Türk kadının seçme ve seçilme hakkı alana kadar geçtiği yollar ve omuzlarına binen yükler hiç kolay olmamıştı. Eski Türk toplumlarında kadına verilen değer çağdaş toplumlara nazaran çok daha iyi durumdaydı. Bu dönemlerde tek eşlilik esas olmakla beraber, kadınlar yönetimde de söz sahibiydi.

Fakat zamanla İslam dininin yozlaştırılması ile eski Türk toplumlarında kadına verilen değer gün geçtikçe geriye doğru bir ilerleyiş görülmüştür.

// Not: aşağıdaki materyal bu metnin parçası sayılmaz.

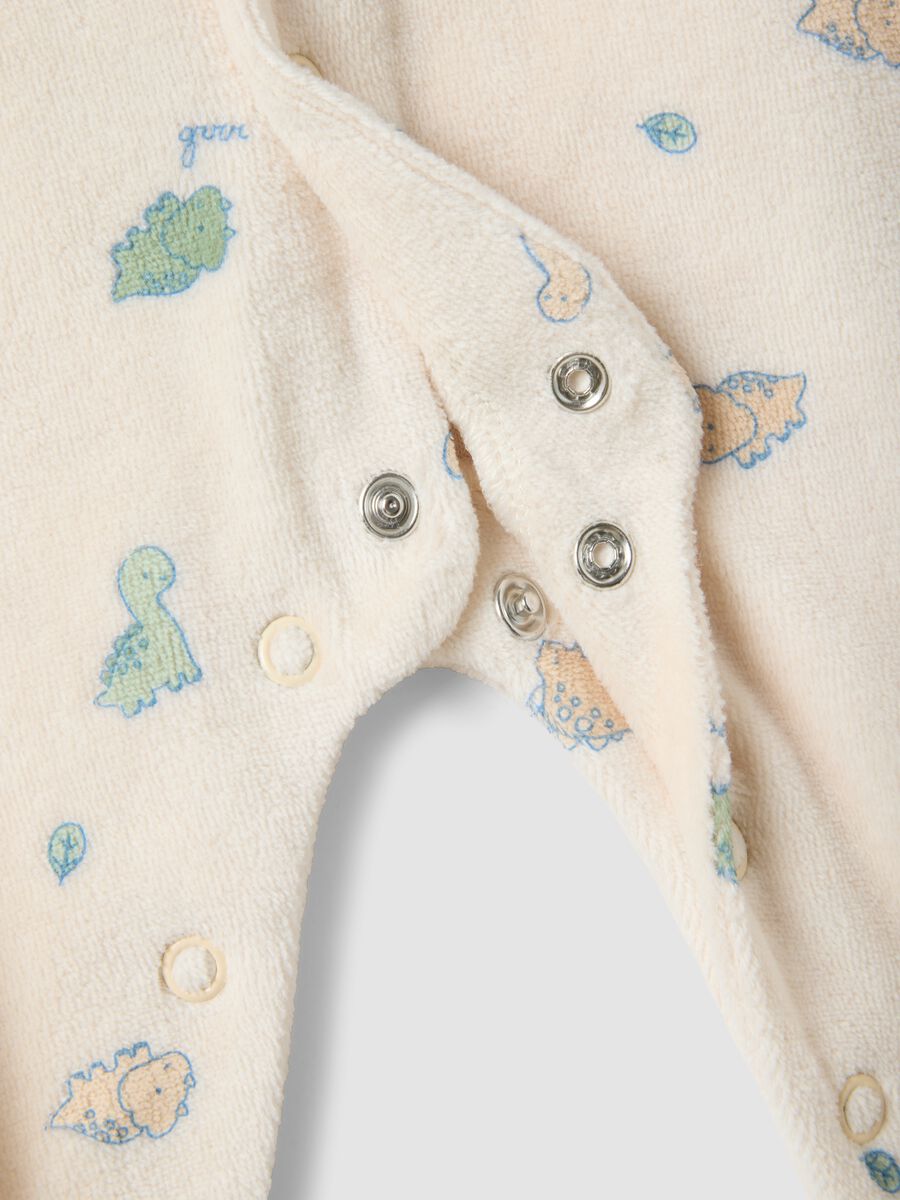 2-pack of multicolour dinosaur print cotton-blend sleepsuits for baby_3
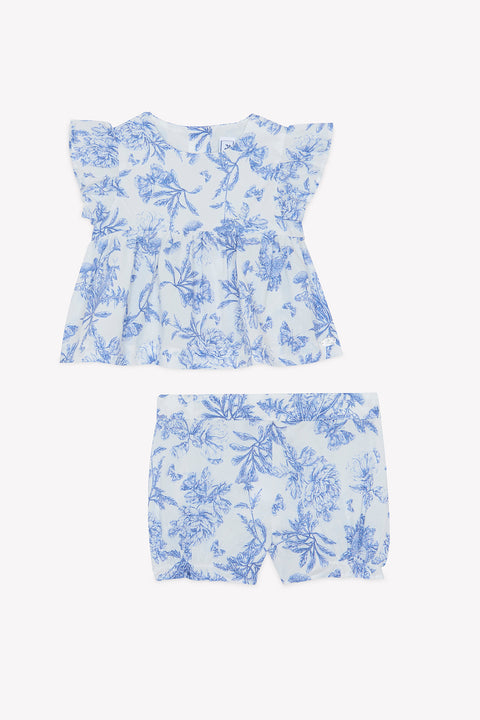 Ensemble court - Bleu coton imprimé inspiration toile de jouy - Image principale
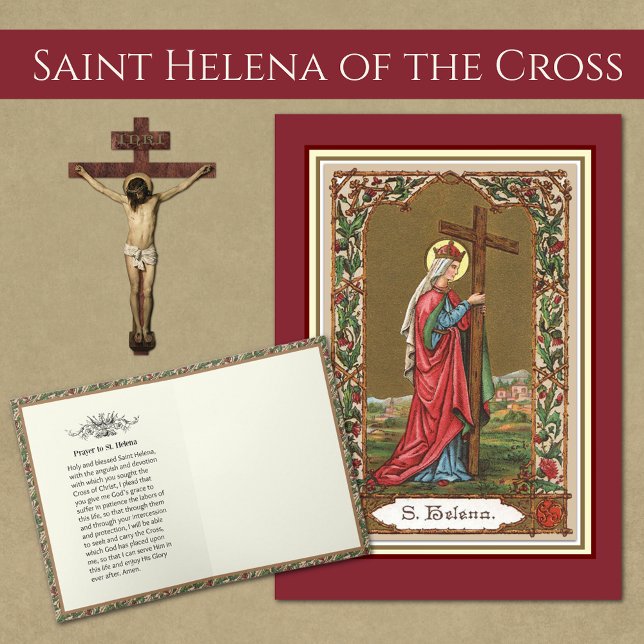 St. Helen Helena Gebet Vintag Karte (St. Helena of the Cross Religious Prayer Greeting Card)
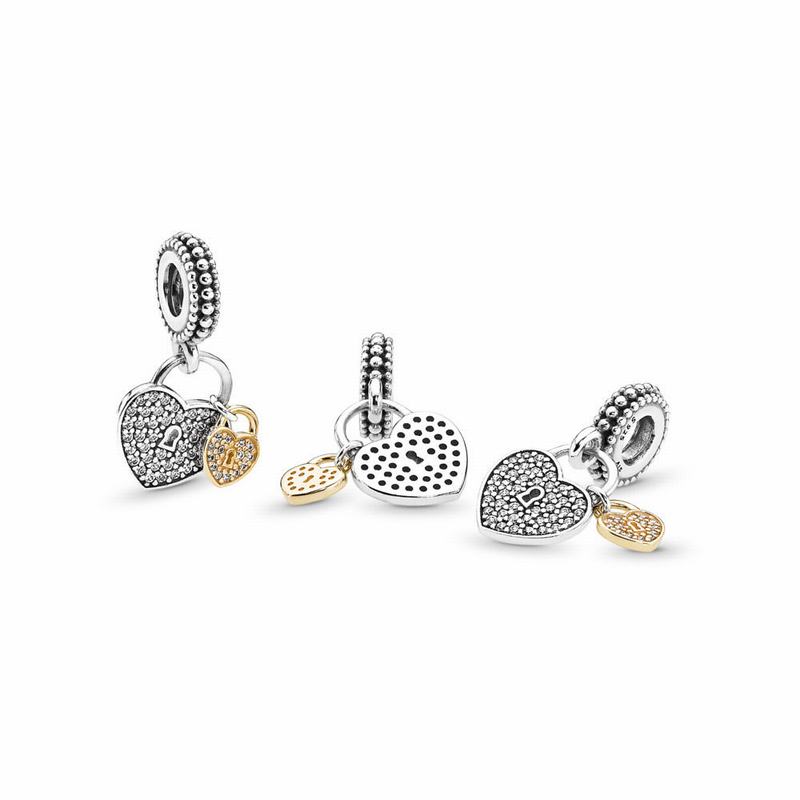 Pandora Love Locks Dangle Charm NZ Sale, Two Tone (240983-HVC)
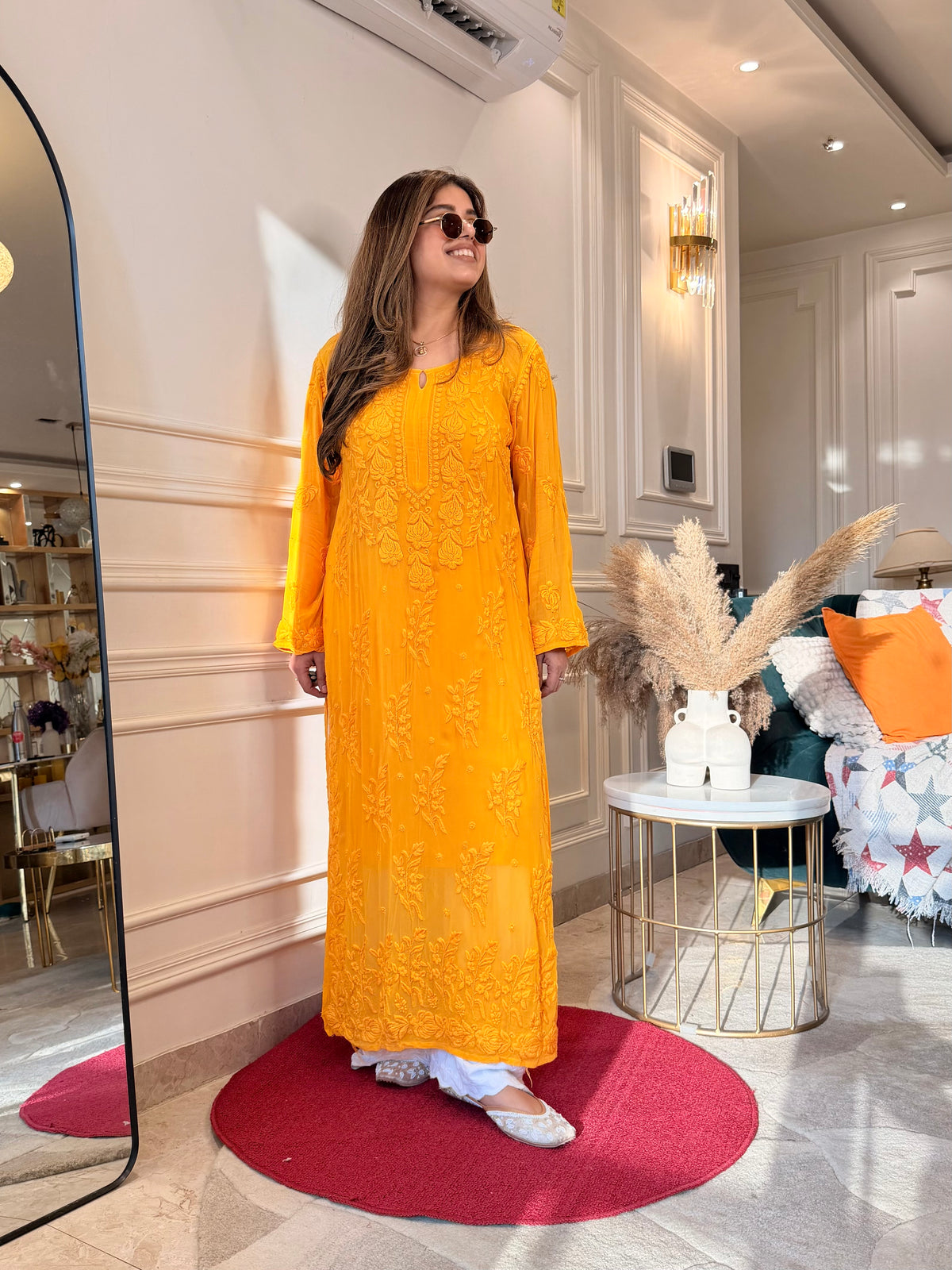 Hand Embroidered 3DChikankari Kurta  | Viscose | Mustard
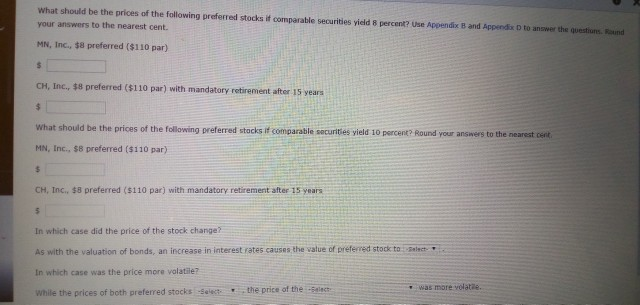  appendix b appendix d What should be the prices of the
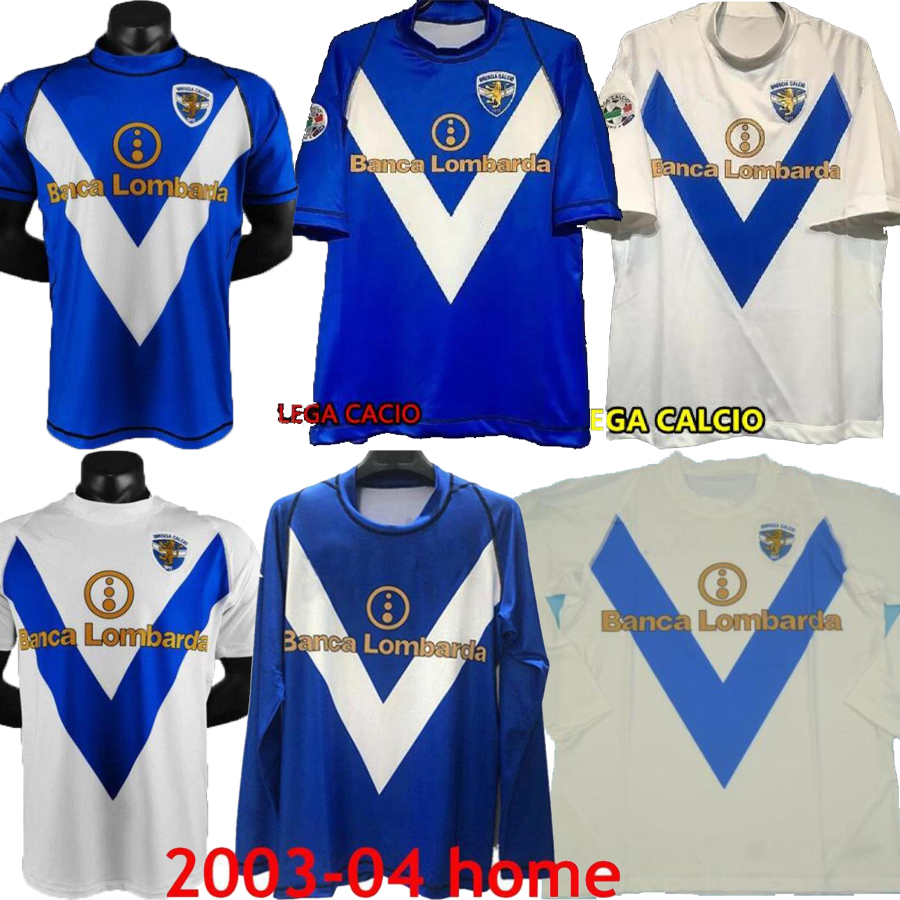 Retro 03 04 Brescia Calcio Soccer Jerseys Caracciolo Baggio Pirlo Di Biagio Futbol Mauri Vintage Football Camiseta Classic Shirt 2003 04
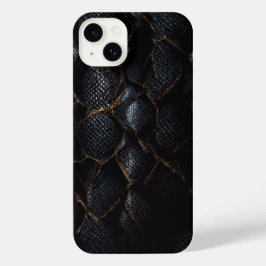 Capas de iphone de pele de réptil de couro preto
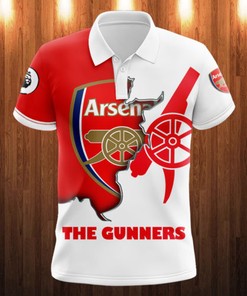 Arsenal FC White Red The Gunners Polo Shirt
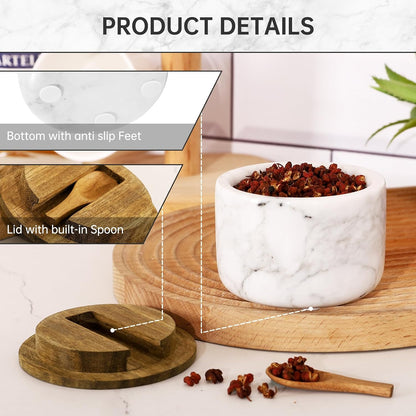 Salt and Pepper Bowl, Marble Salt Cellar and Spices Storage Container With Built-in Spoon and Acacia Wood Lid - 6.5oz Capacity (White)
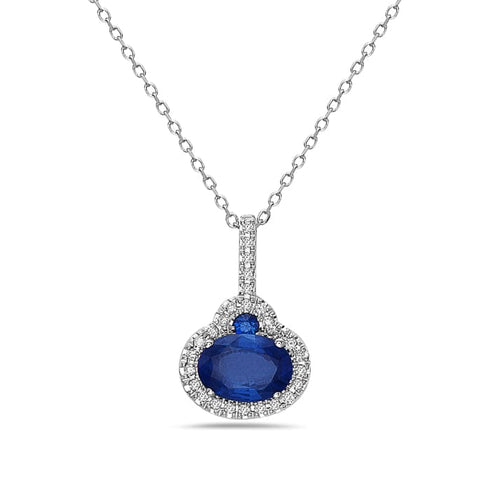 Bassali Necklaces 14K White Gold Diamond and Sapphire Necklace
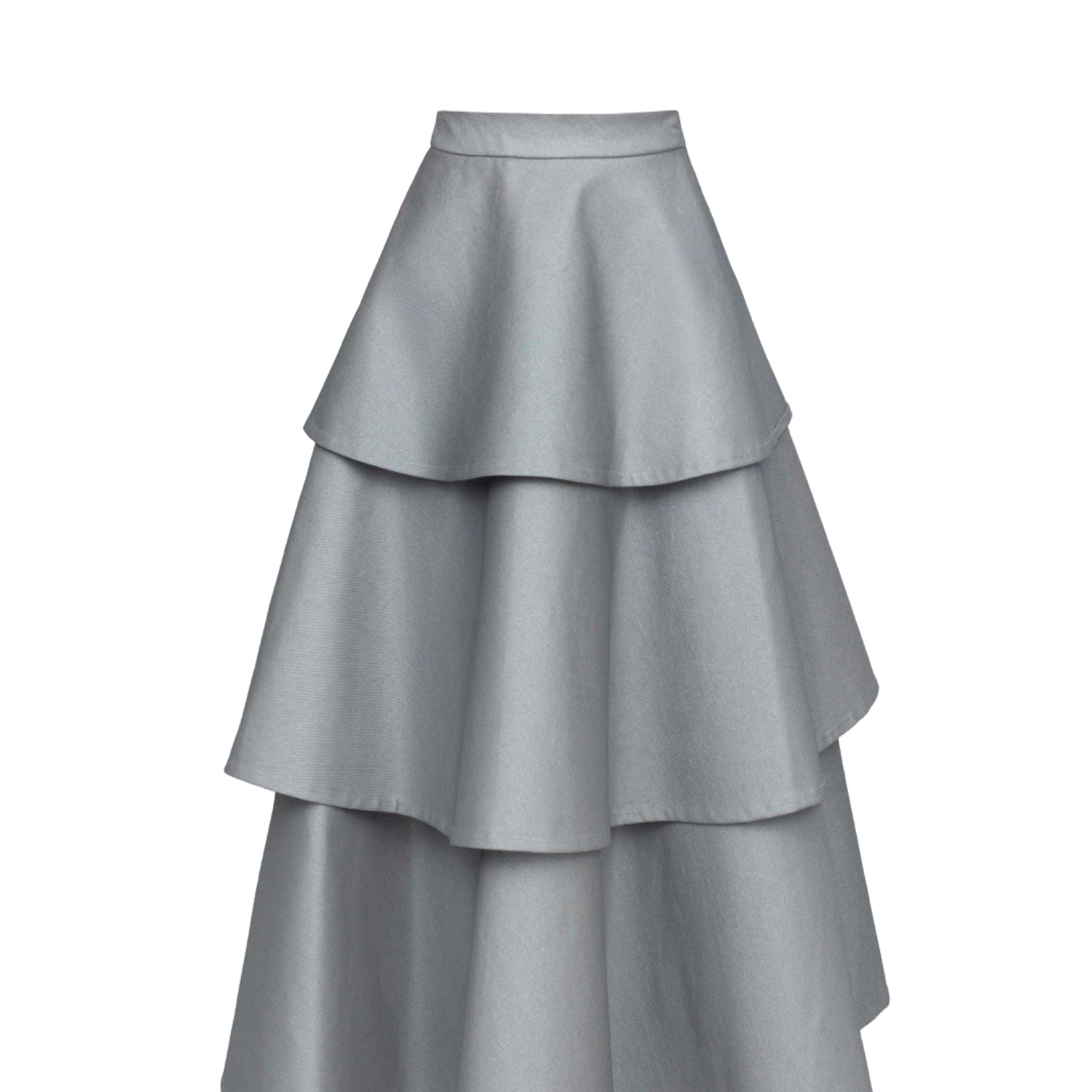 Van Brussel Women's Silver Juno Denim Tiered Skirt In Chrome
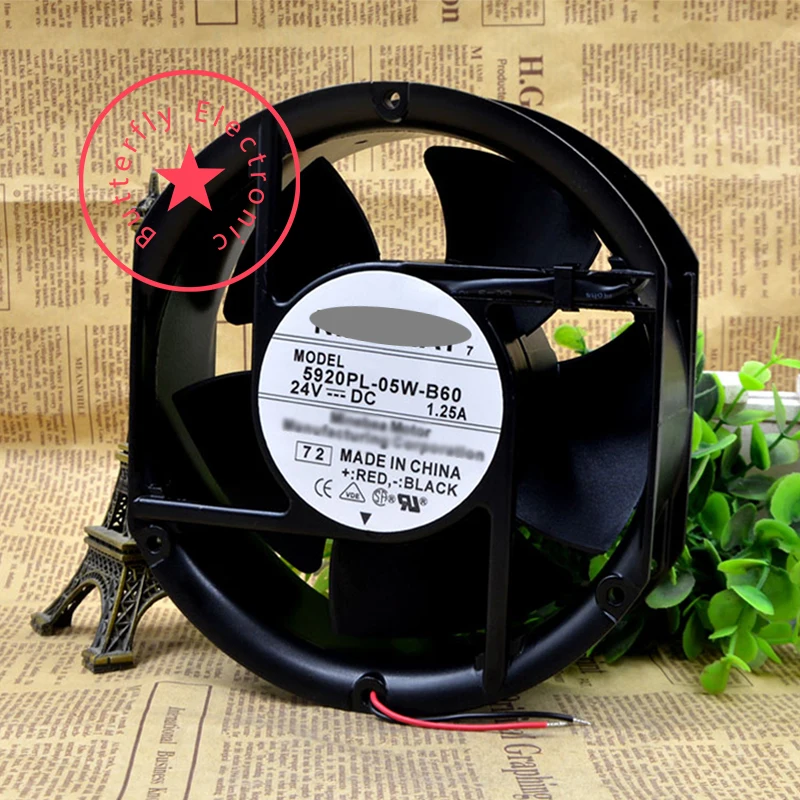 

BRAND NEW ORIGINAL 5920PL-05W-B60 17251 DC 24V 1.25A ALUMINIUM FRAME INVERTER COOLING FAN COOLER 17CM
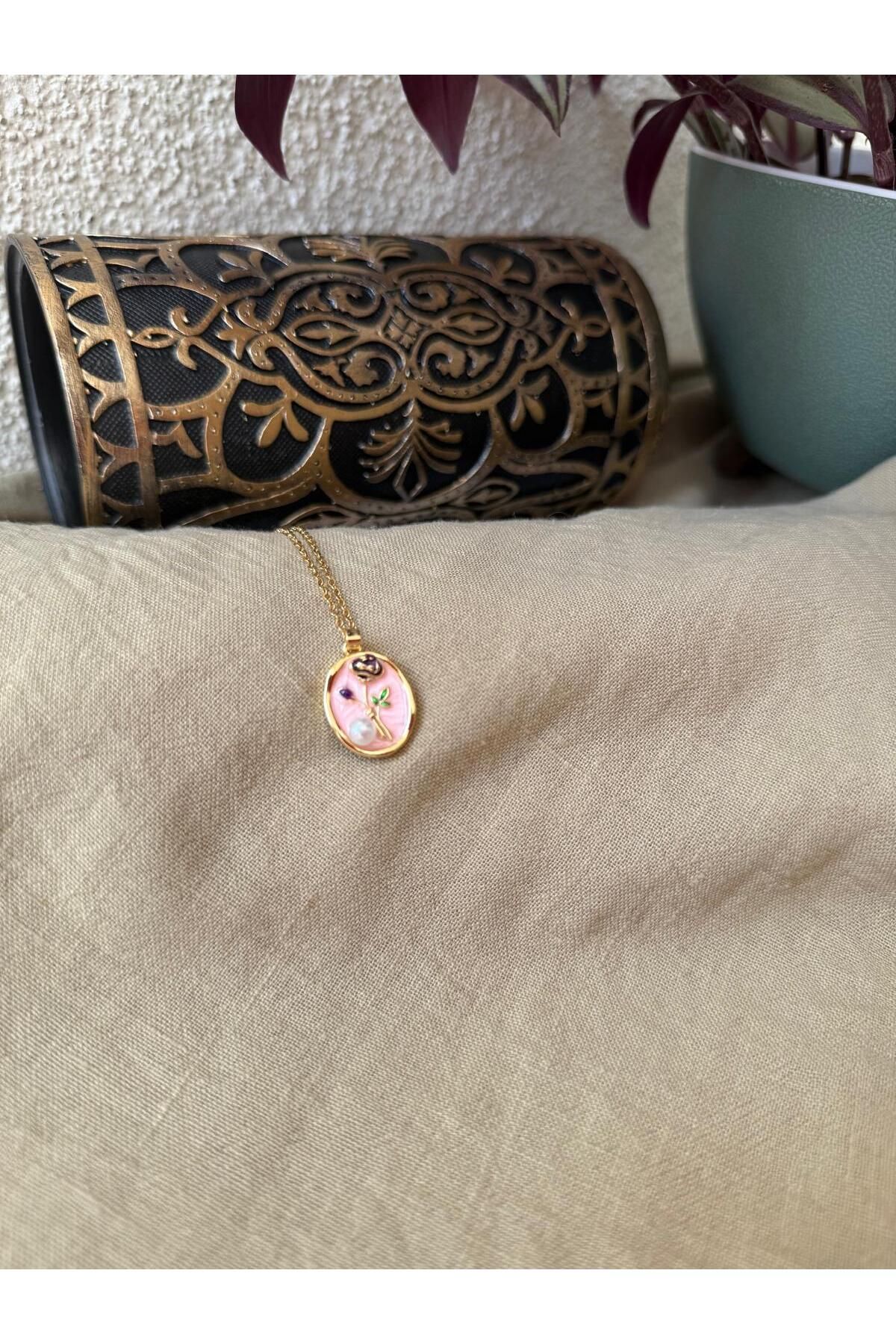 Taure Accessoires mineli çelik kolye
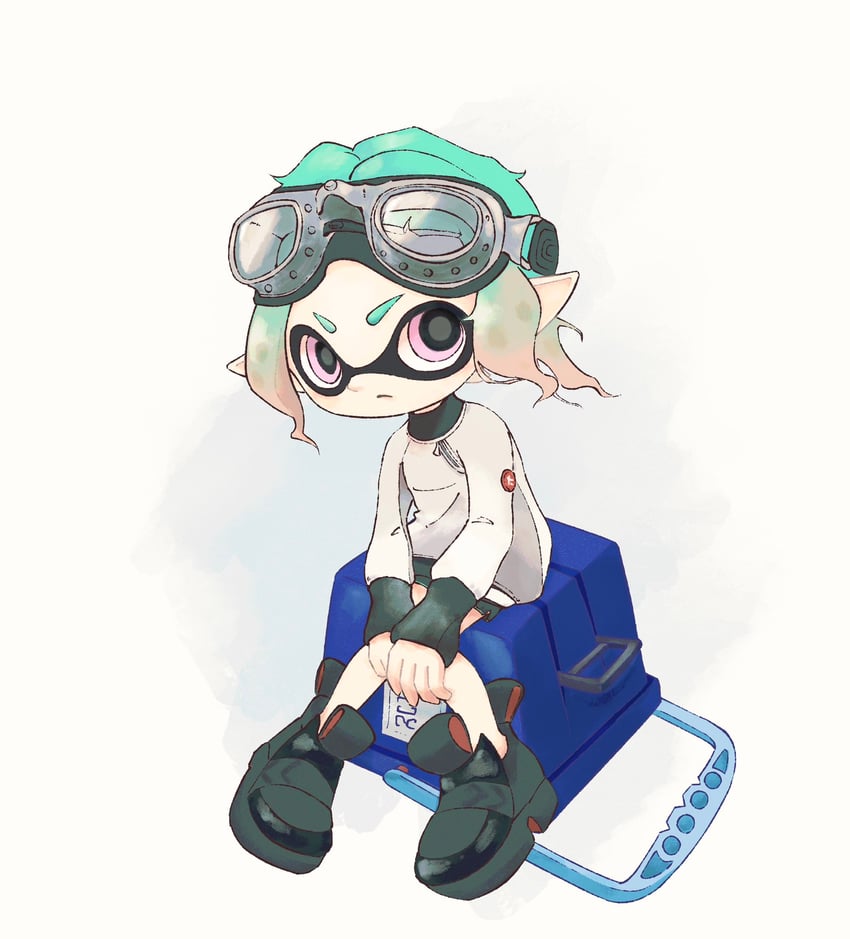 inkling player character and inkling girl (splatoon and 1 more) drawn by fireblast
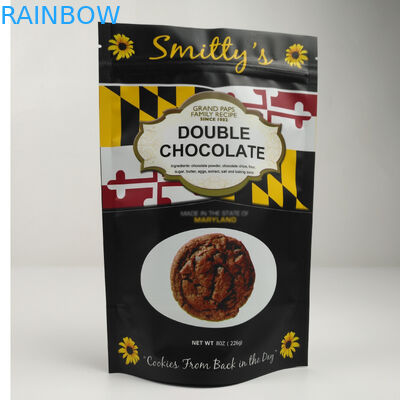 नट्स फूड के लिए इको फ्रेंडली मैट एल्युमिनियम फॉयल जिपलॉक बैग्स स्टैंड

Ardından devam eden süreçte, Batı’da kadın hakları konusunda yaşanan gelişmeler, Osmanlı’yı da etkilemiştir. Aydınlanma ve sanayi devrimi ile bariz bir üstünlük sağlayan Batı karşısında her alanda gerilemekte olduğundan; direnmekten vazgeçip Tanzimat fermanını ardından da Meşrutiyet'i ilan etmişlerdir.

Yaşanan bu gelişmelerle birlikte, kadınlar geleneksel rollerinden sıyrılıp, modern kadın kimliğine adım atmışlardır. İlk defa II. Meşrutiyet’te feminizm hareketi, demokrasi kavramıyla paralel olarak ortaya çıkmıştır.

1923’te Cumhuriyet’in ilanından sonra Atatürk, kadın hakları ile ilgili devrim niteliğinde birçok girişimde bulunmuştur. Ancak diğer inkılaplarda olduğu gibi burada da karşısında teokratik ve ortaçağ zihniyetinde bir toplumun kültürünü bulmuş, bununla mücadele etmek zorunda kalmıştır.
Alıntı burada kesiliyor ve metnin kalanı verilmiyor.